> [Your assignment] Look through the data below for the line with "The Tiny House" and the line with "Radio Werewolf - Love", then output those two and all lines in between, exactly as written.

> [Source records]
=======

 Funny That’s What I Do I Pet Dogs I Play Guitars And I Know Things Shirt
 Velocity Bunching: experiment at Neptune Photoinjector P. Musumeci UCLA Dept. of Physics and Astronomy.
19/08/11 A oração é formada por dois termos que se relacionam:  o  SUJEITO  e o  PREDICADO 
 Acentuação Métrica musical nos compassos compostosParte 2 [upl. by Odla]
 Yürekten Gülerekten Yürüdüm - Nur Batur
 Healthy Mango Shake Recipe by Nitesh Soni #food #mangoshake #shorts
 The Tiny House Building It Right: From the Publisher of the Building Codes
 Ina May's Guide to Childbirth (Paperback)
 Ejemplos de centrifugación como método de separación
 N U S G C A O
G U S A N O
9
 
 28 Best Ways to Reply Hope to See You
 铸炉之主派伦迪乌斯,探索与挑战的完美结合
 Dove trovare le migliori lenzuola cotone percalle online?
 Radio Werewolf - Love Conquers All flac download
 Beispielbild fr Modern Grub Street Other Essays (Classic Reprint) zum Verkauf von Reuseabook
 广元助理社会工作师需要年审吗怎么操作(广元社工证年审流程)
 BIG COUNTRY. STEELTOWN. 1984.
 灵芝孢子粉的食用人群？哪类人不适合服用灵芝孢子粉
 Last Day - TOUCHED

=======

> [Problem solution]
 The Tiny House Building It Right: From the Publisher of the Building Codes
 Ina May's Guide to Childbirth (Paperback)
 Ejemplos de centrifugación como método de separación
 N U S G C A O
G U S A N O
9
 
 28 Best Ways to Reply Hope to See You
 铸炉之主派伦迪乌斯,探索与挑战的完美结合
 Dove trovare le migliori lenzuola cotone percalle online?
 Radio Werewolf - Love Conquers All flac download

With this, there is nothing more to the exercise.